DATA BLOCK:
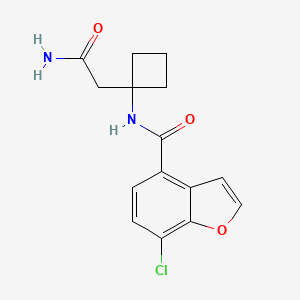 molecular formula C15H15ClN2O3 B7393775 N-[1-(2-amino-2-oxoethyl)cyclobutyl]-7-chloro-1-benzofuran-4-carboxamide 
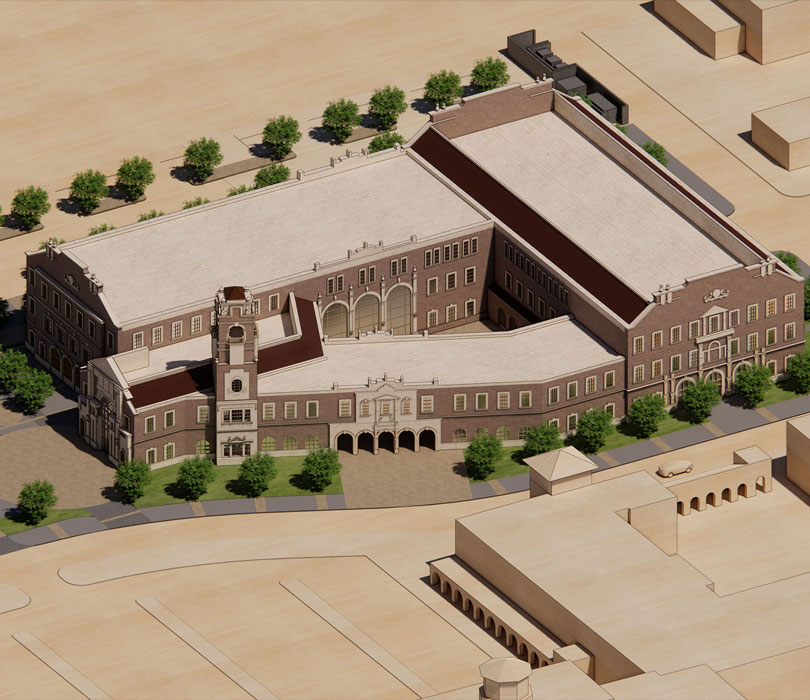 Architectural rendering of the planned Davis College building at Texas Tech University, featuring a central courtyard, tower and landscaped grounds.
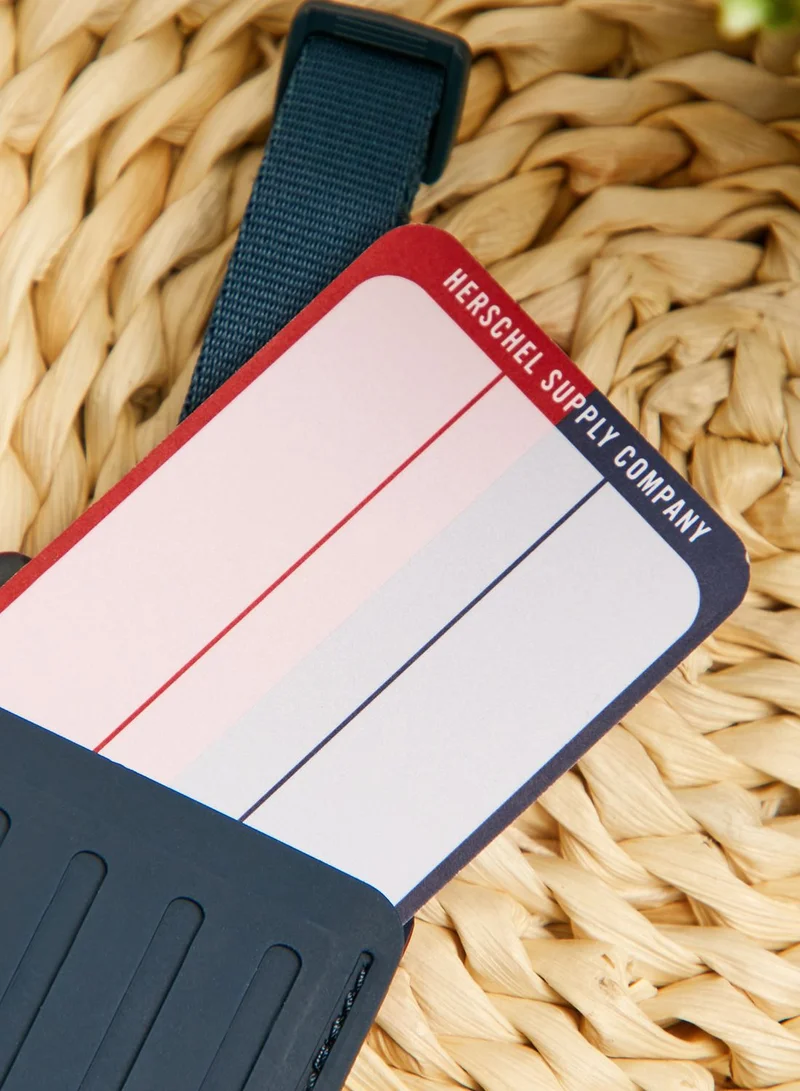 Herschel Navy Red Rubber Luggage Tag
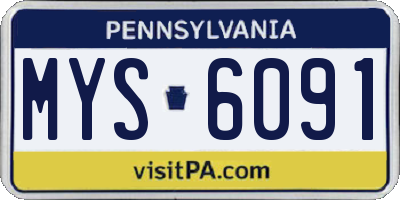 PA license plate MYS6091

WHAT YOU ARE ASKED TO DO: Leave the images out and output the remaining material exactly as it stands.

SOLUTION TO THIS TASK:
 molecular formula C15H15ClN2O3 B7393775 N-[1-(2-amino-2-oxoethyl)cyclobutyl]-7-chloro-1-benzofuran-4-carboxamide 
 Architectural rendering of the planned Davis College building at Texas Tech University, featuring a central courtyard, tower and landscaped grounds.
 Herschel Navy Red Rubber Luggage Tag
 PA license plate MYS6091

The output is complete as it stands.